++++ EXERCISE MATERIALS ++++

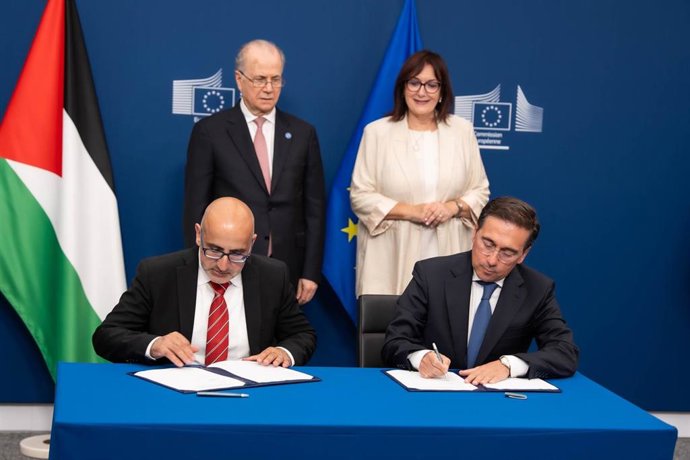 Albares demande à nouveau à l'UE d'interdire le commerce avec les « colonies illégales » en Cisjordanie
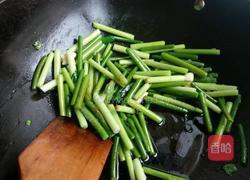 蒜苔炒腊肉的做法图解7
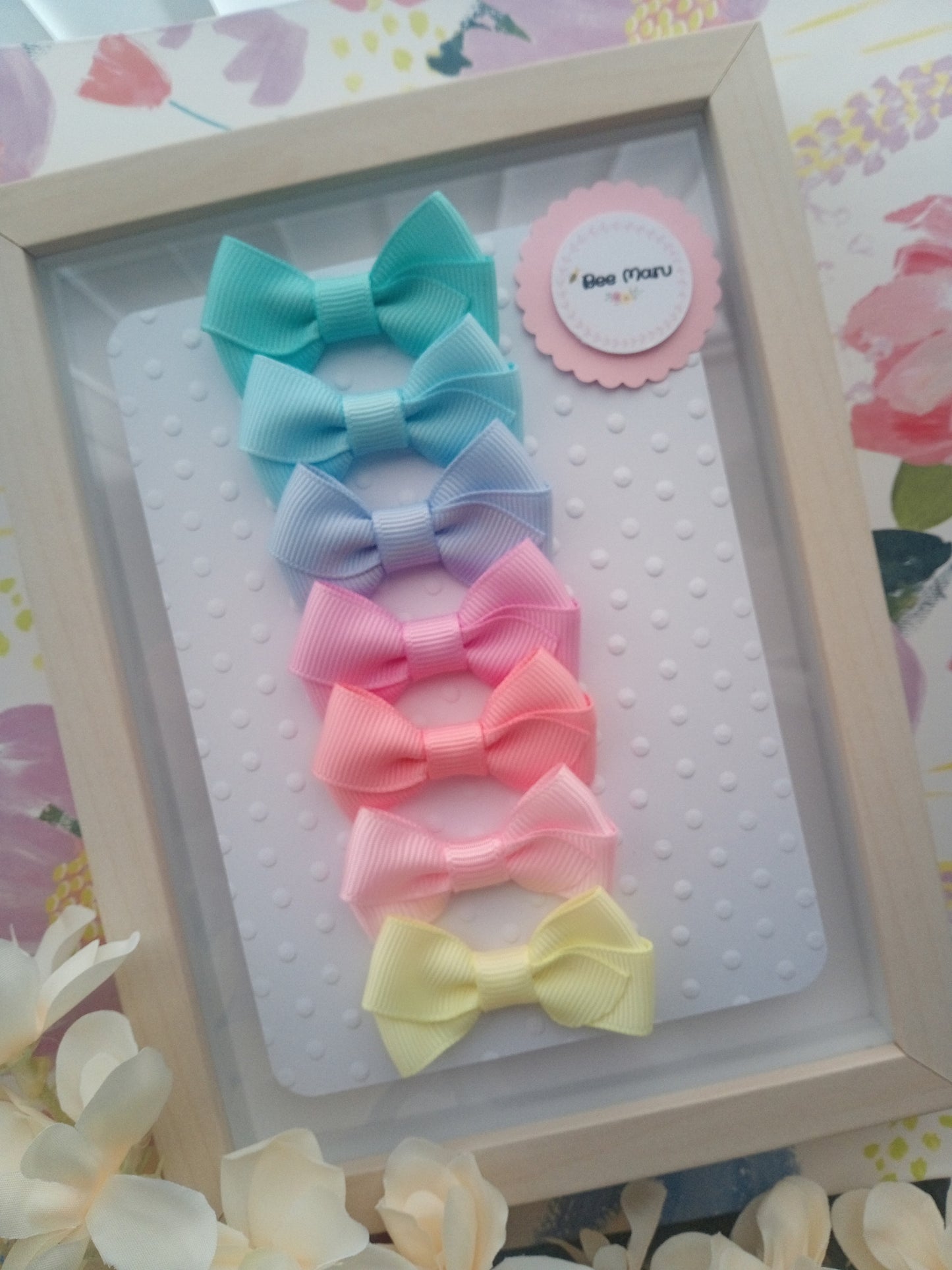 Small hair clips for babies and toddlers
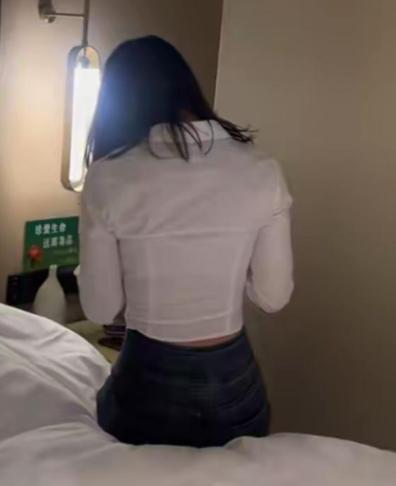 广东一名男子以买保险当幌子，多次暗示女业务员“献身”。俩人去酒店见过面，投保书都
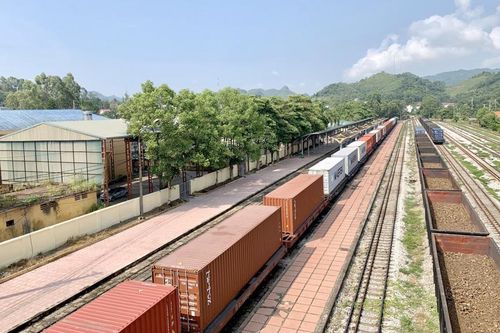 Kiến nghị đầu tư gần 2.400 tỷ đồng nâng cấp các ga đường sắt
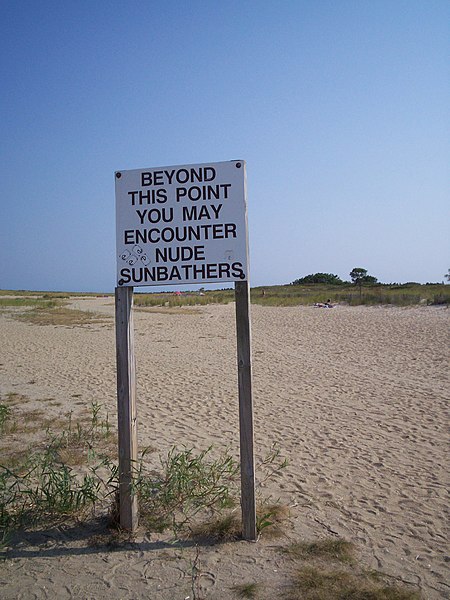 450px-Nude_Beach_Warning_Sign_at_Gunnison_Beach_in_Sandy_Hook%2C_New_Jersey.jpg
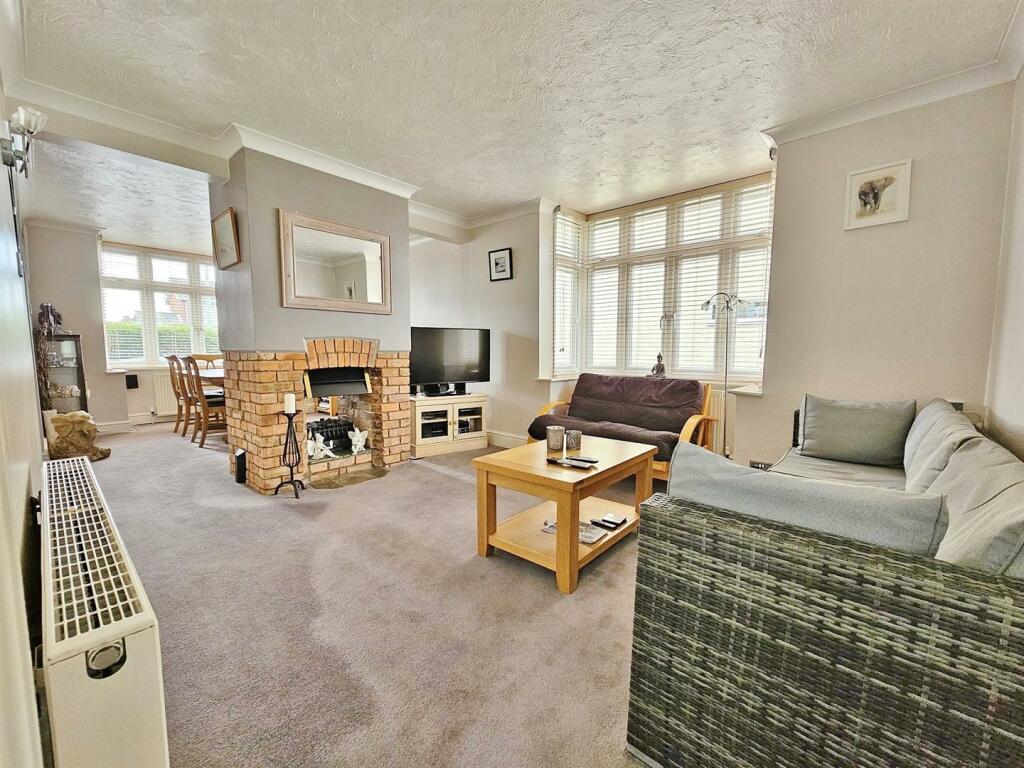 3 bedroom detached house for sale in Frinton Road, Kirby Cross, Frinton
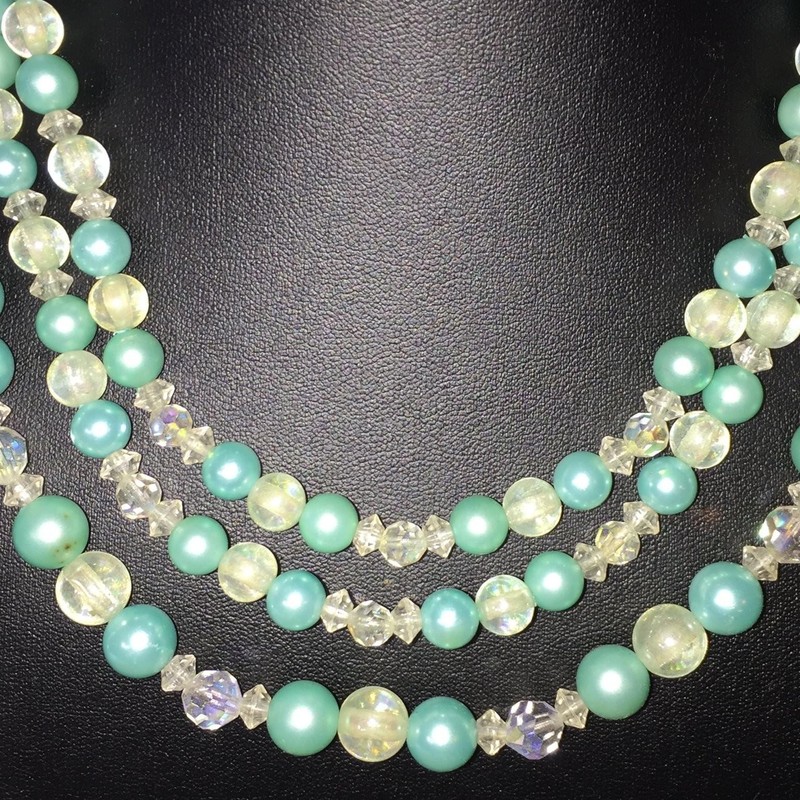Vintage Multi-Strand Choker Necklace Faux Pearl Acrylic Crystal Beads gallery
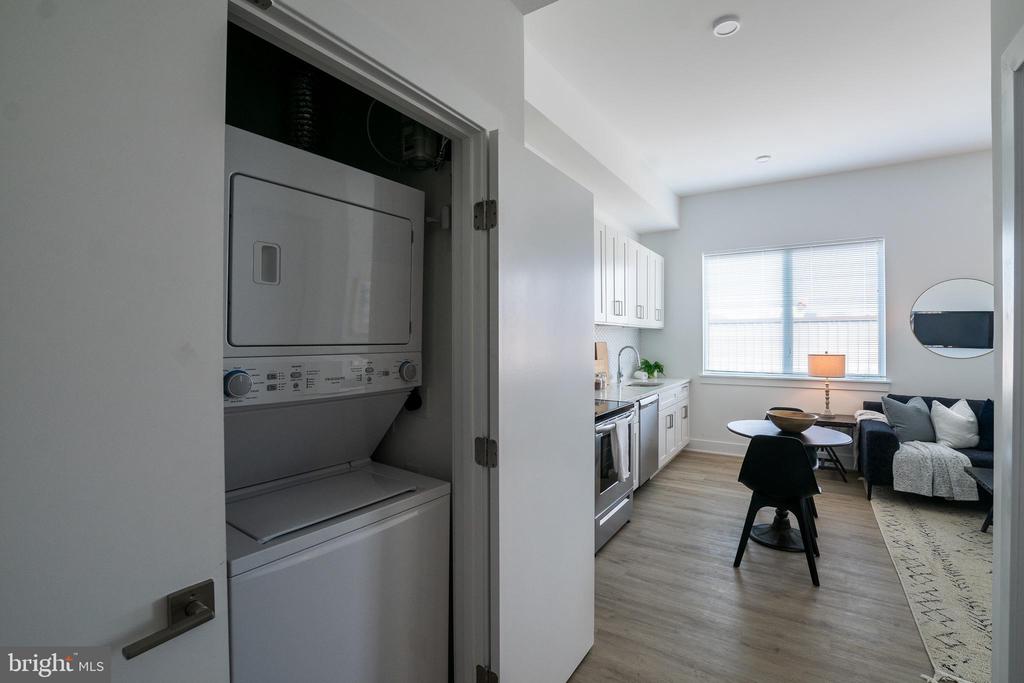 2235 WASHINGTON AVE #313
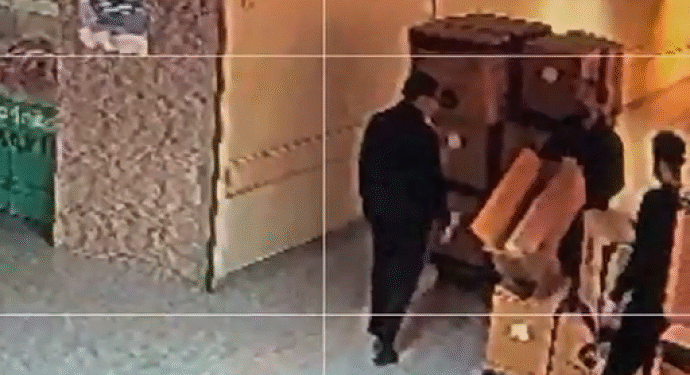 Cizre Devlet Hastanesi’nden malzemelerin çalınma görüntüleri ortaya çıktı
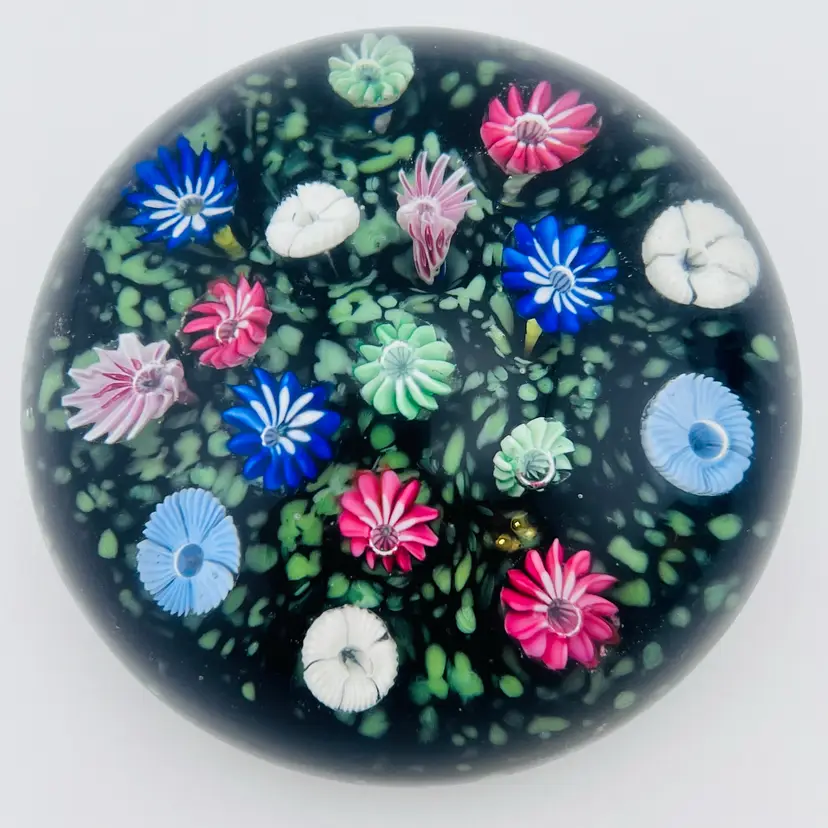 Fornasa De Murano (Galliano Ferro) Large Floral Paperweight 2.25”x 3.75”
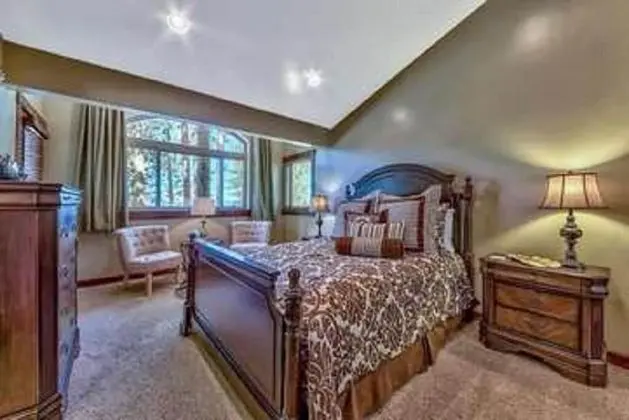 Ev, Birden Çok Yatak (Lv12: luxury villa with hot tub)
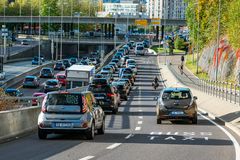 KUN ELEKTRISK: Innen 2040 vil Elbilforeningen at alle forurensende kjøretøy skal bort fra norske veier. Foto: Jamieson Pothecary/Elbilforeningen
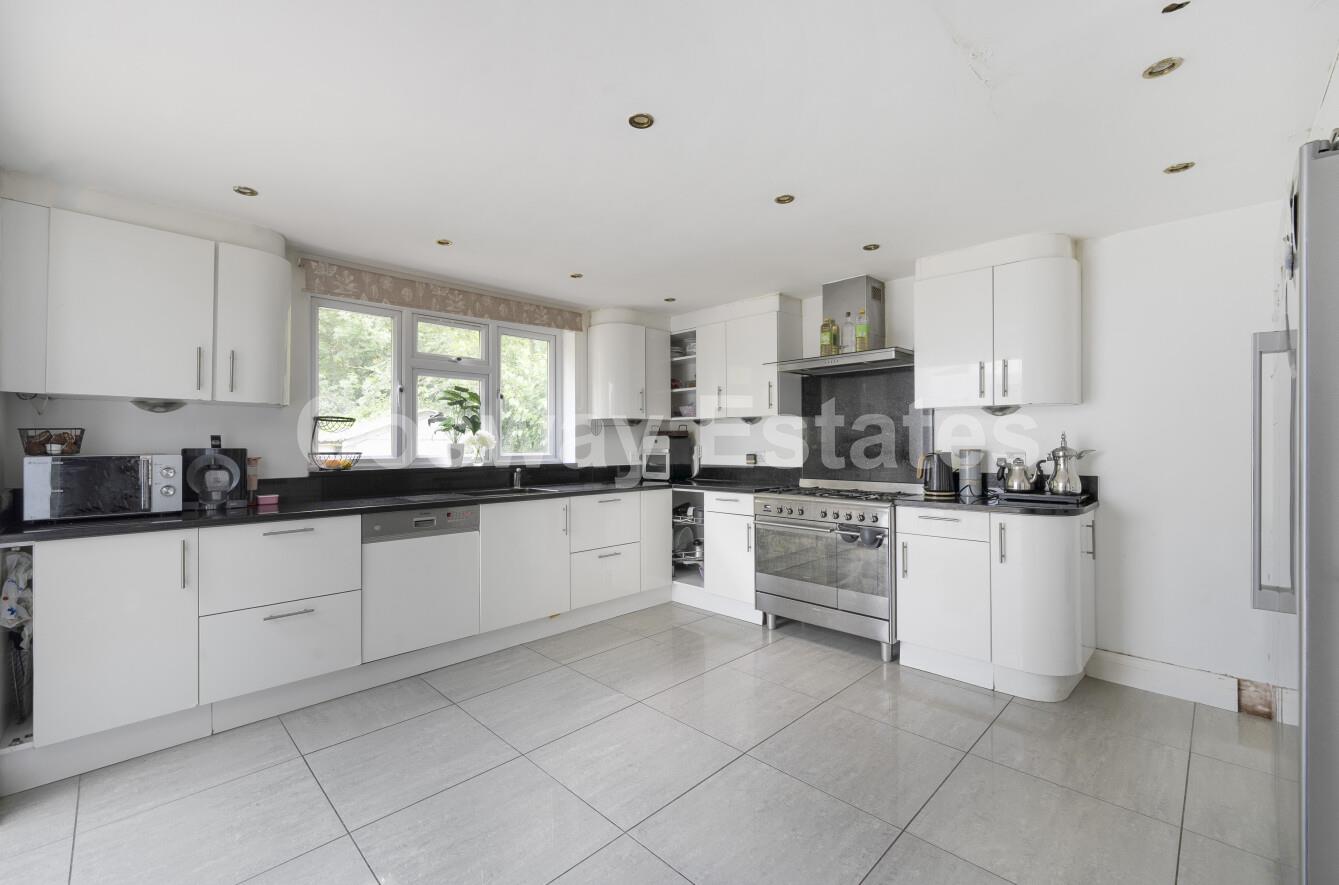 Worcester Crescent, Mill Hill, NW7, Mill Hill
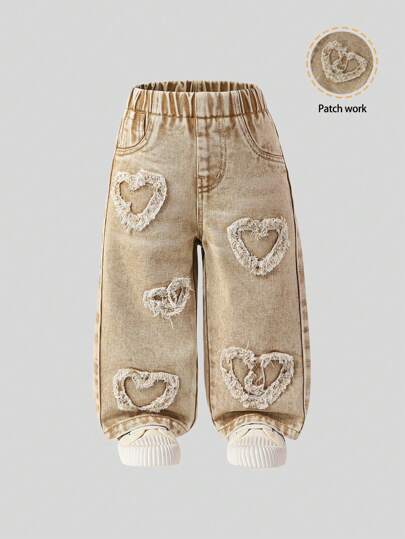 SHEIN Playful Pals Pantalones anchos de mezclilla para bebés niñas con parche bordado en forma de corazón, cintura elástica y lavar claro, los mejores looks de moda diaria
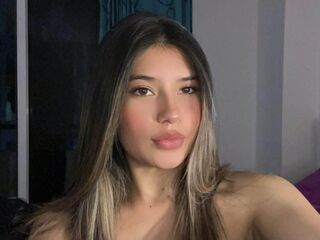 chat with cam AmberCuellar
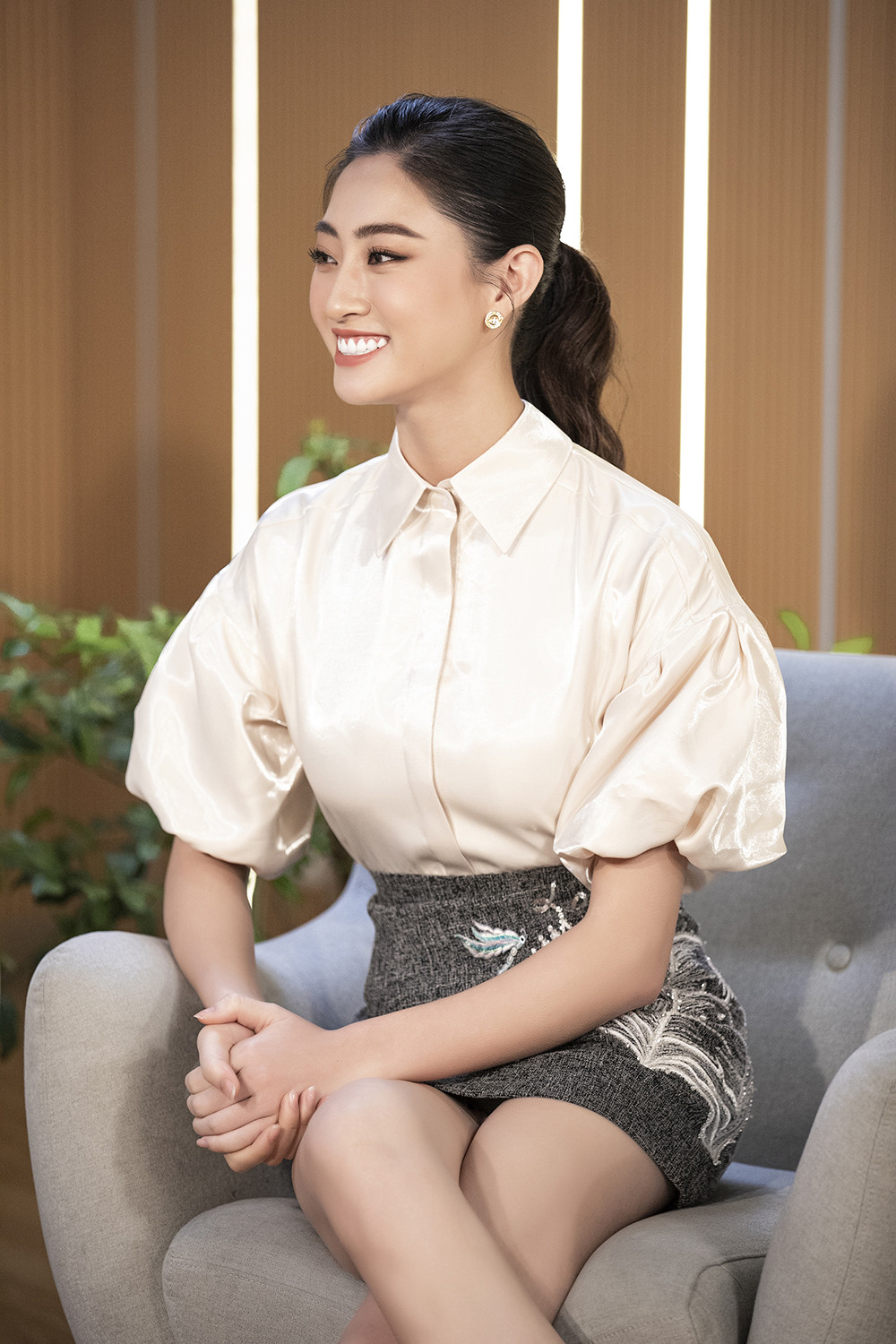 Hoa hậu Lương Thuỳ Linh hé lộ từng đi gù lưng cho giống bạn bè chỉ vì quá cao ảnh 2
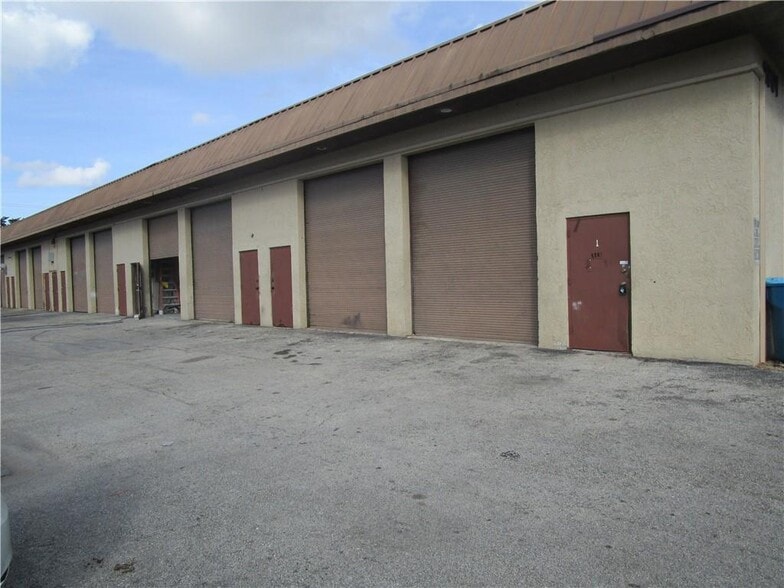 1901 NW 32nd St, Pompano Beach, FL à louer - Photo du bâtiment - Image 3 de 4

++++

— WHAT THE EXERCISE ASKS —
Would you print, exactly as they appear, the lines from the line with "Worcester Crescent, Mill" through the end of the entries above, leaving out the pictures?

— WRITTEN SOLUTION —
 Worcester Crescent, Mill Hill, NW7, Mill Hill
 SHEIN Playful Pals Pantalones anchos de mezclilla para bebés niñas con parche bordado en forma de corazón, cintura elástica y lavar claro, los mejores looks de moda diaria
 chat with cam AmberCuellar
 Hoa hậu Lương Thuỳ Linh hé lộ từng đi gù lưng cho giống bạn bè chỉ vì quá cao ảnh 2
 1901 NW 32nd St, Pompano Beach, FL à louer - Photo du bâtiment - Image 3 de 4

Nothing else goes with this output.